Task description:
Whatever comes before the line containing "Modern 2-Unit Stay" stays out; transcribe that line and all that follow to the end of the records exactly, with no pictures.

Material to process START

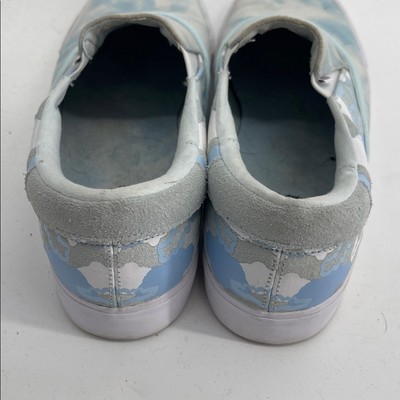 Nike SB Zoom Verona Slip RL x Rayssa Leal slip on loafer 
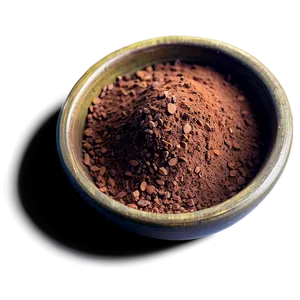 Cocoa Powder For Cooking PNG 74 PNG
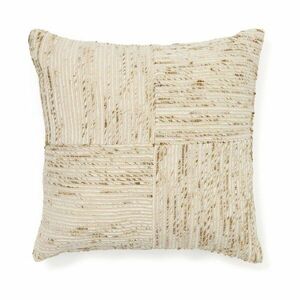 Jacquard párnahuzat 45x45 cm Anuba – Kave Home kép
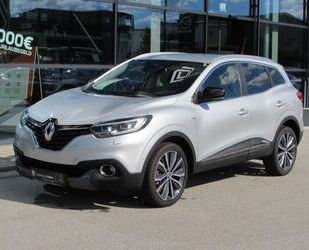 Renault Kadjar Gebrauchtwagen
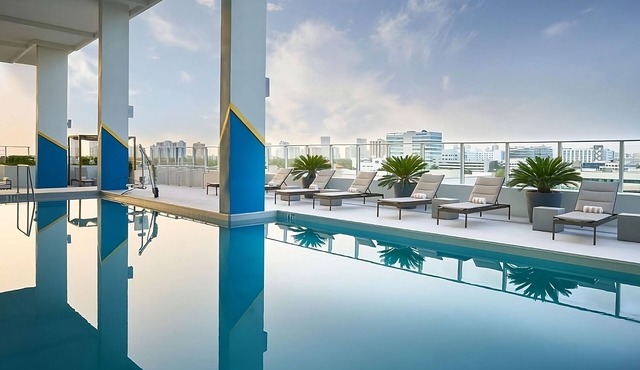 Modern 2-Unit Stay | Aventura Location | Near Aventura Mall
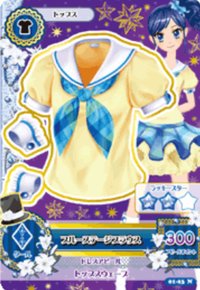 初代 隨機卡 入學服 N卡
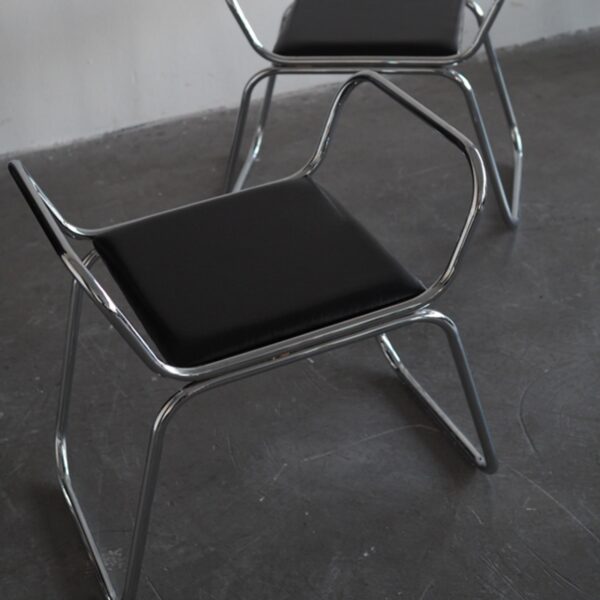 REST STOOL / TEKLİ KAHVE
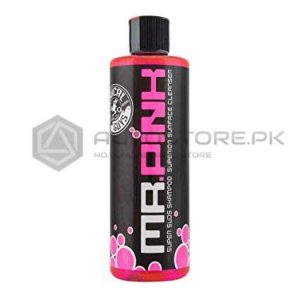 Chemical Guys Mr.Pink Super Suds Shampoo 16oz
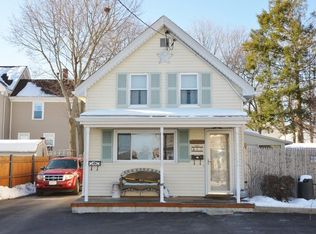 63 Oak St, Waltham, MA 02453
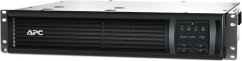 APC Smart-UPS (SMT750RMI2UNC)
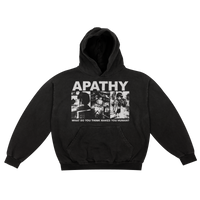 lain apathy hoodie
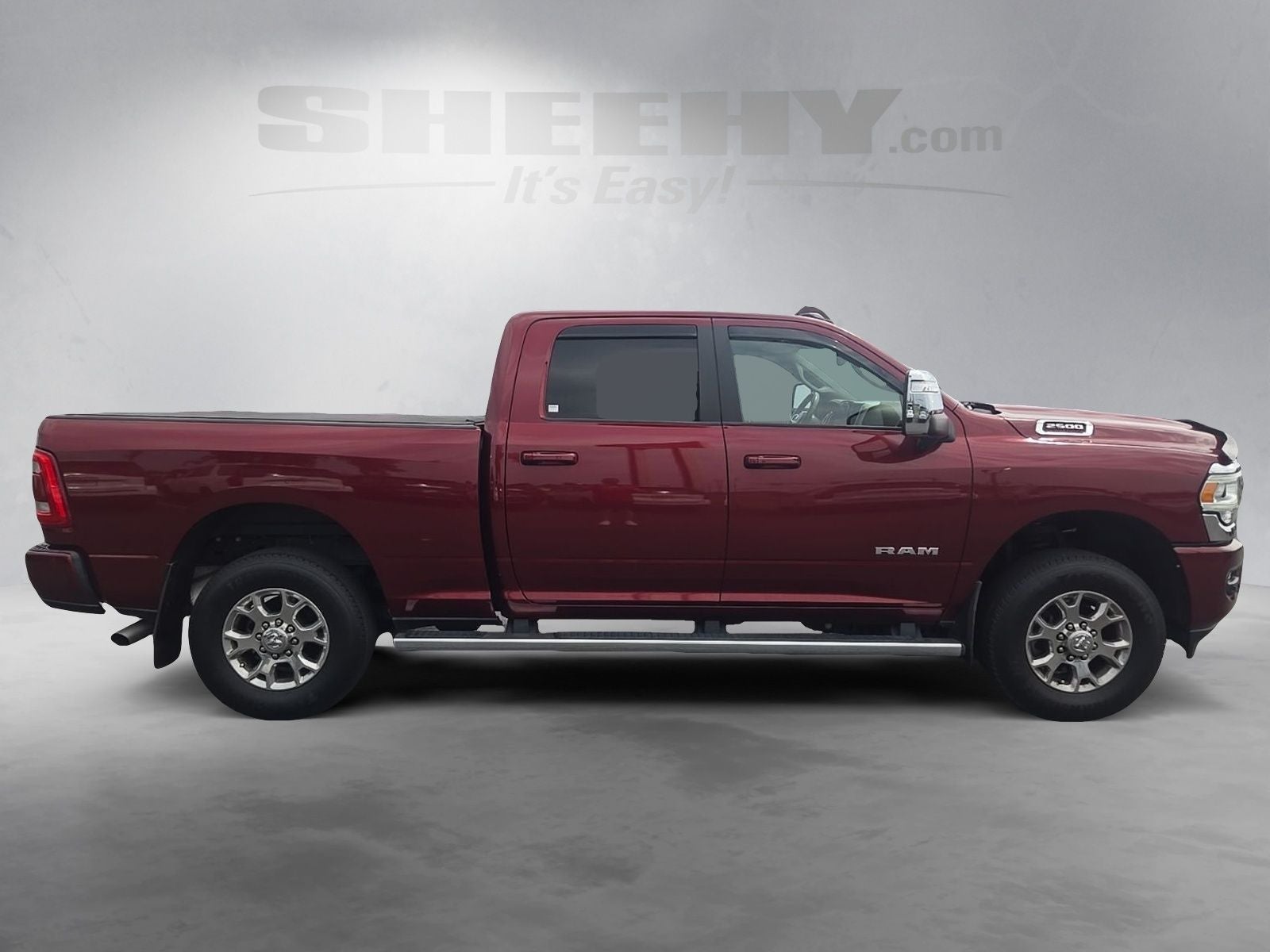 2023 RAM 2500 Laramie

Material to process END

Exercise output:
 Modern 2-Unit Stay | Aventura Location | Near Aventura Mall
 初代 隨機卡 入學服 N卡
 REST STOOL / TEKLİ KAHVE
 Chemical Guys Mr.Pink Super Suds Shampoo 16oz
 63 Oak St, Waltham, MA 02453
 APC Smart-UPS (SMT750RMI2UNC)
 lain apathy hoodie
 2023 RAM 2500 Laramie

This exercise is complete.